## Required action
Copy, pictures aside: the lines below from the one that holds "Trendy Ear Drop" through the final line of the listing, both ends included, exactly as they are and nothing else.

## Exercise material
###

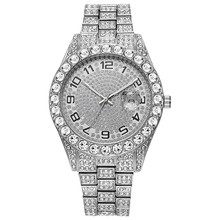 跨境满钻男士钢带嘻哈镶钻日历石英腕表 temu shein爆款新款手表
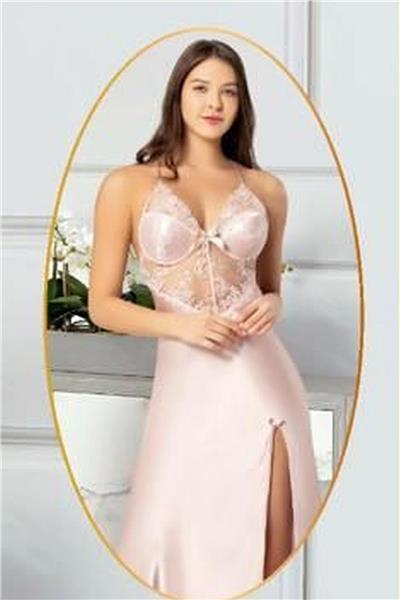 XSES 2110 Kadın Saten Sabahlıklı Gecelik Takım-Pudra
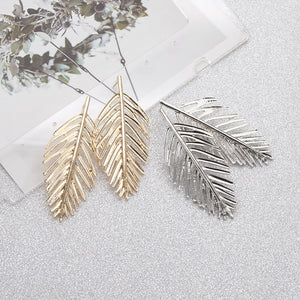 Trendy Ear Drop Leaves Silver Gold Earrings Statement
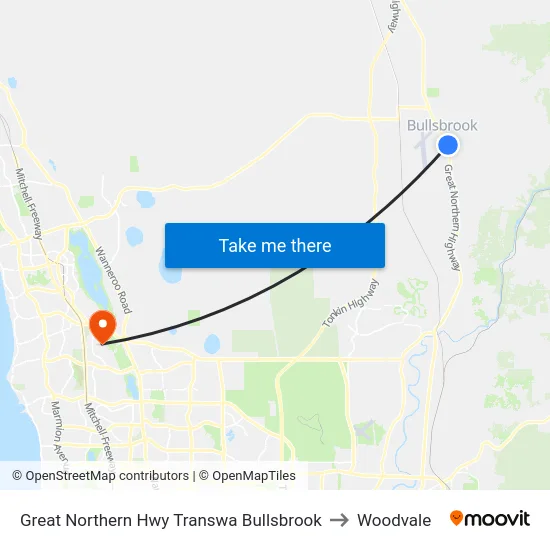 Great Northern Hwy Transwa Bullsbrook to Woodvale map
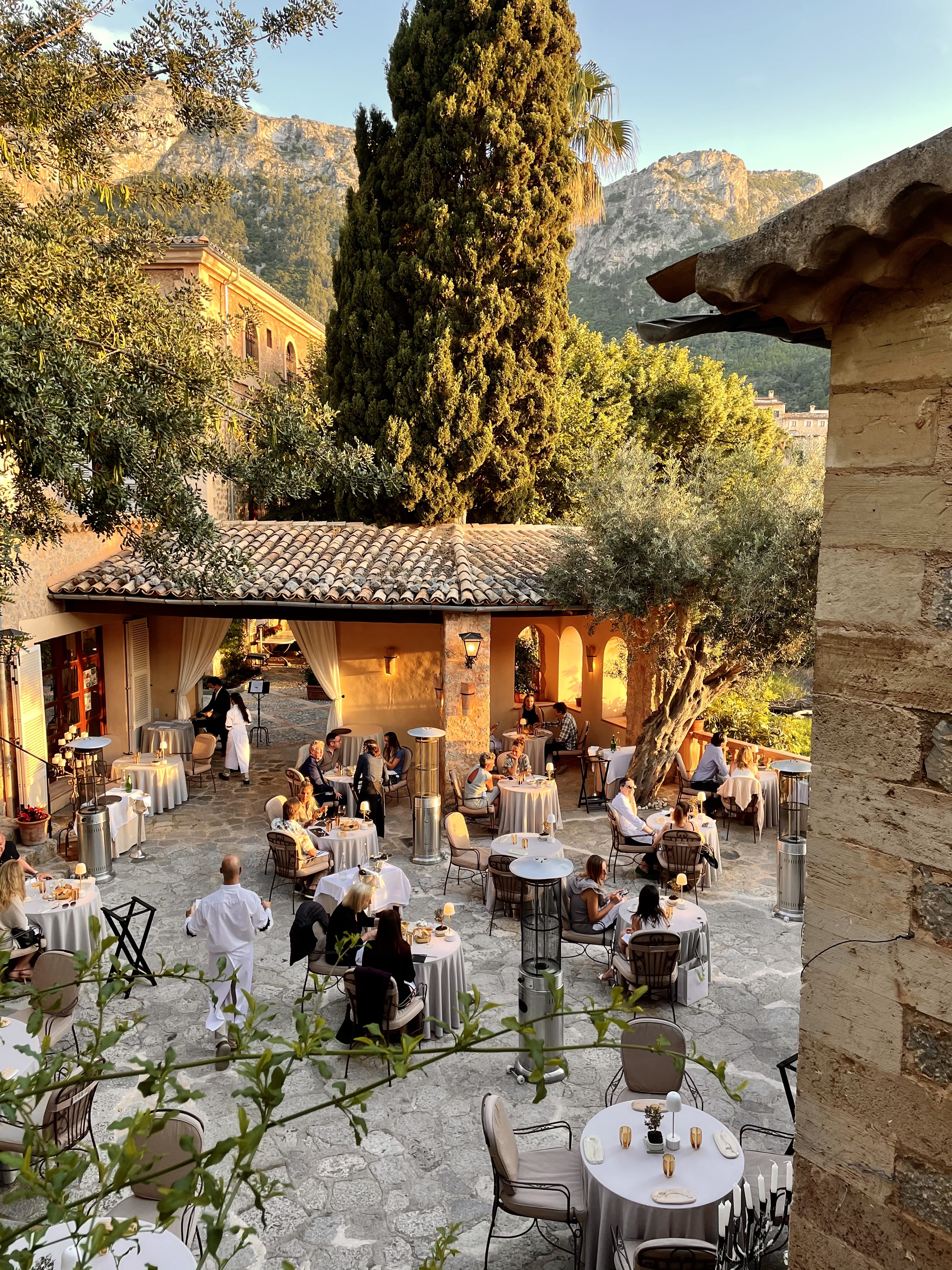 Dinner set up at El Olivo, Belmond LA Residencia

###

## Task solution
 Trendy Ear Drop Leaves Silver Gold Earrings Statement
 Great Northern Hwy Transwa Bullsbrook to Woodvale map
 Dinner set up at El Olivo, Belmond LA Residencia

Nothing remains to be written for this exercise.